Arts pour généralistes

L’effet probablement le plus préjudiciable qu’a exercé la société du divertissement sur les arts, c’est qu’en mettant les œuvres à la portée de tous, elle a supprimé chez le consommateur la volonté de recherche qui était à l’origine de tout vrai développement artistique.

Je suis l’un des seuls à admettre que je ne m’intéresse pas à la musique ; pourtant, chaque fois que j’en entends parler, je m’aperçois que j’en sais presque autant que n’importe qui, parce que chacun se contente d’en écouter la part la plus accessible, de sorte que ce que j’en entends revient quasiment à la somme du principal qui se diffuse.

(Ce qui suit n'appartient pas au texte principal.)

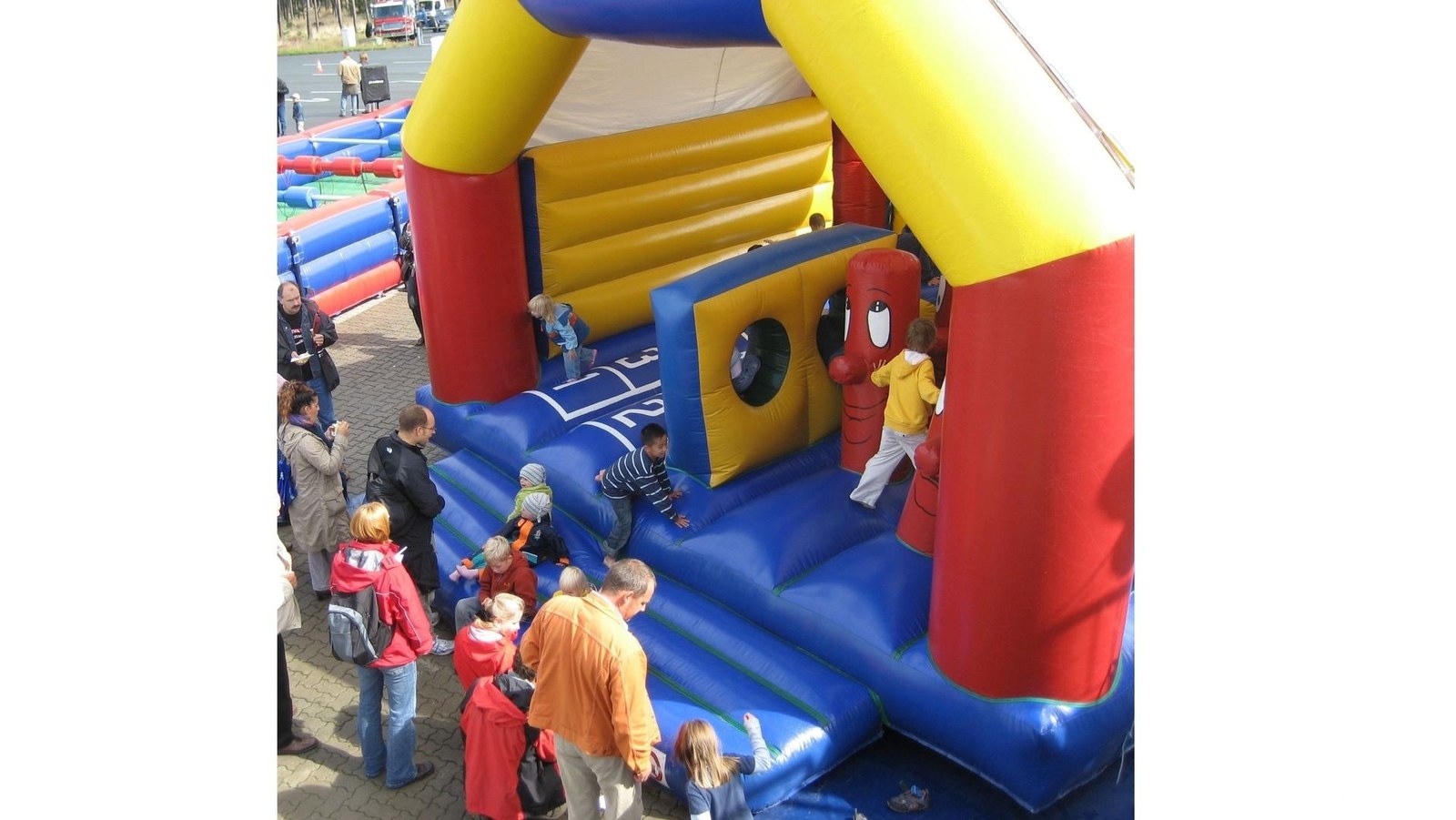 Hüpfburg 6,5 x 7,5 Multiplay Tobeburg mieten in Hannover – Hüpfburg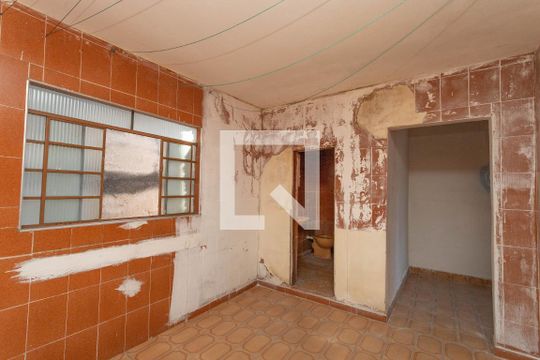 Quarto de casa para alugar com 1 quarto, 50m² em Casa Grande, Diadema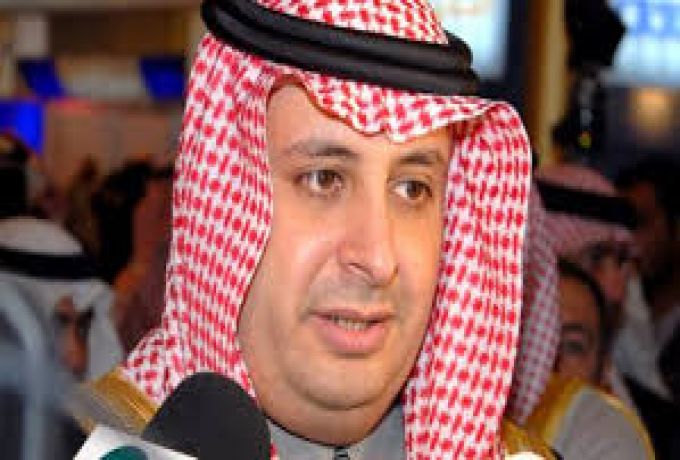 أمير سعودي رئيساً للاتحاد العربي لكرة القدم بالتزكية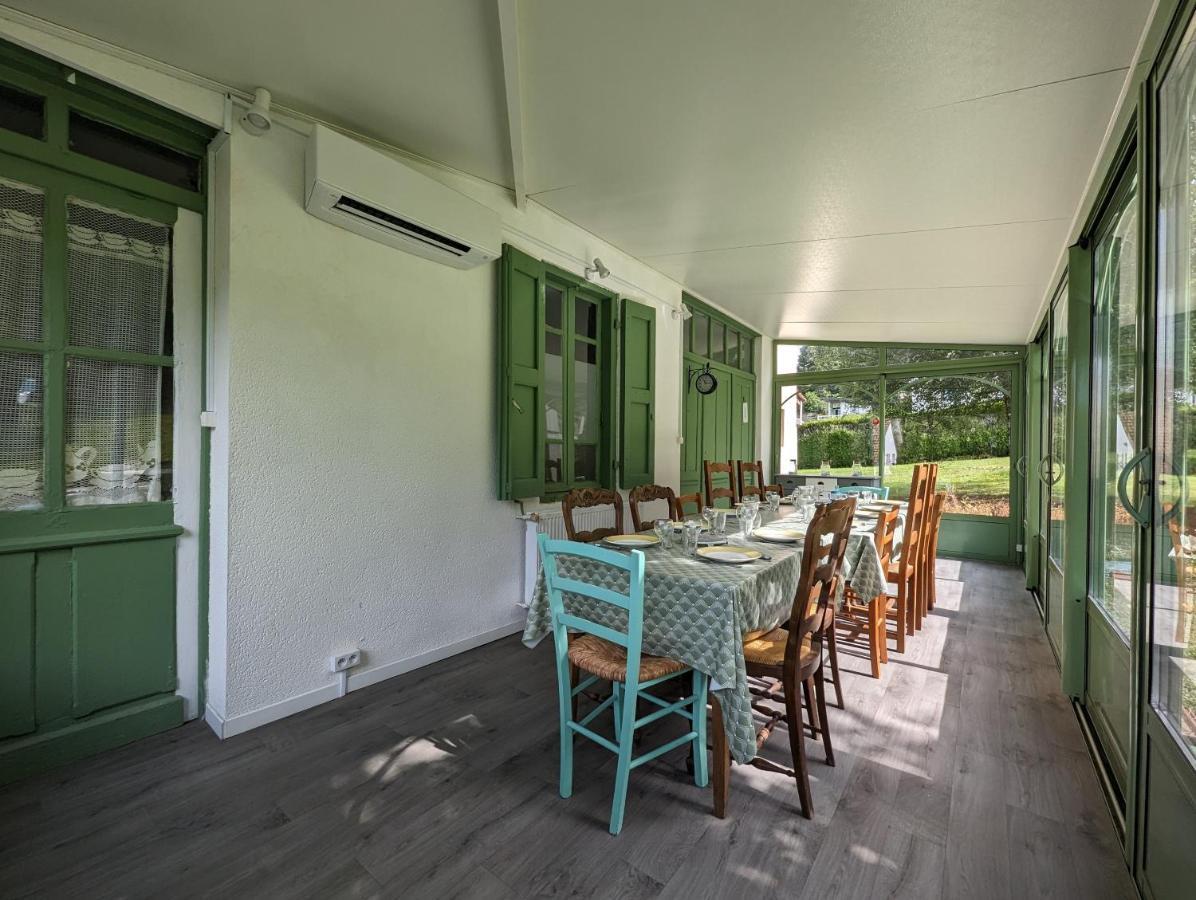 Maison Des Annees 30 - Vic-Sur-Cere - 14 Personnes Luaran gambar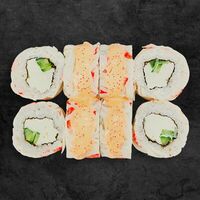 Филадельфия с крабом в TOKO Sushi
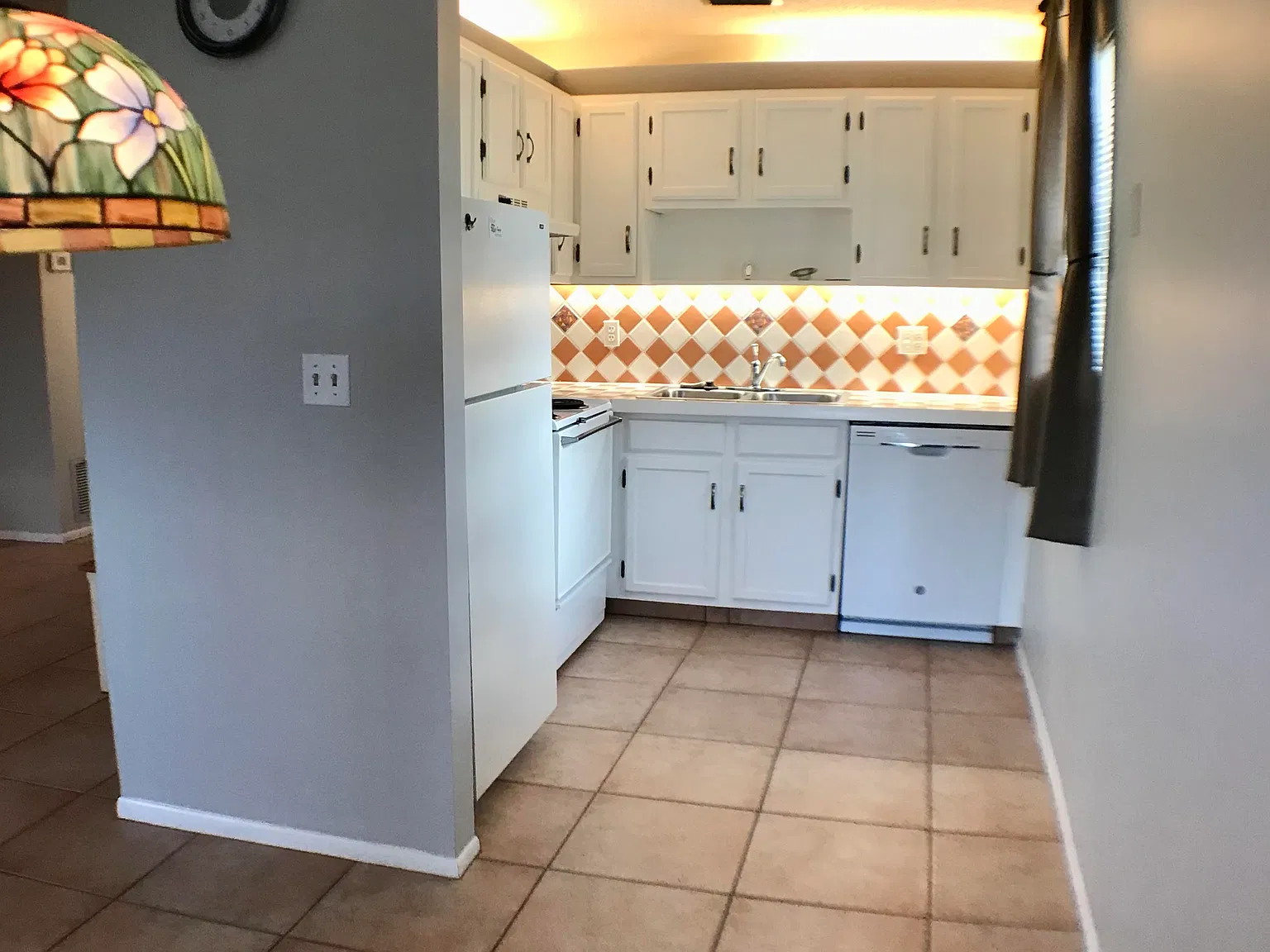 1 bed, 1.5 bath, 750 sqft, $1,300 — Photo 3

Quand les œuvres vous arrivent par centaines directement et sans effort, le peu de temps qu’il reste pour les sélectionner ainsi que l’espèce de variété que vous trouvez à leur multitude incitent à se contenter du disponible qui constitue déjà une multitude : on n’a plus d’intérêt à chercher autre chose. Une telle recherche ne serait pourtant pas difficile à mener à notre époque tant les moyens y sont devenus aisés, et il suffit d’un quart d’heure pour s’en apercevoir, on fait alors des trouvailles sur Internet, on découvre de vraies finesses et des audaces, des alternatives inattendues et ignorées, oui mais personne n’en a l’intention, nul ne se livre à l’exercice. C’est exactement le même problème pour la littérature : si les innombrables publications médiatisées entre lesquelles le quidam fait son choix ne feront jamais le commencement d’un livre, personne n’a jamais prétendu vouloir un texte artistique et se fatiguer à atteindre à une quintessence. La faible dépense financière qu’on fait à présent pour se procurer ces objets permet de consommer sans scrupule toutes sortes de titres, et comme il est naturel d’être peu regardant sur ce qui est d’un coût dérisoire, d’avance on en excuse d’autant les défauts que sa mauvaise qualité est au moins abordable.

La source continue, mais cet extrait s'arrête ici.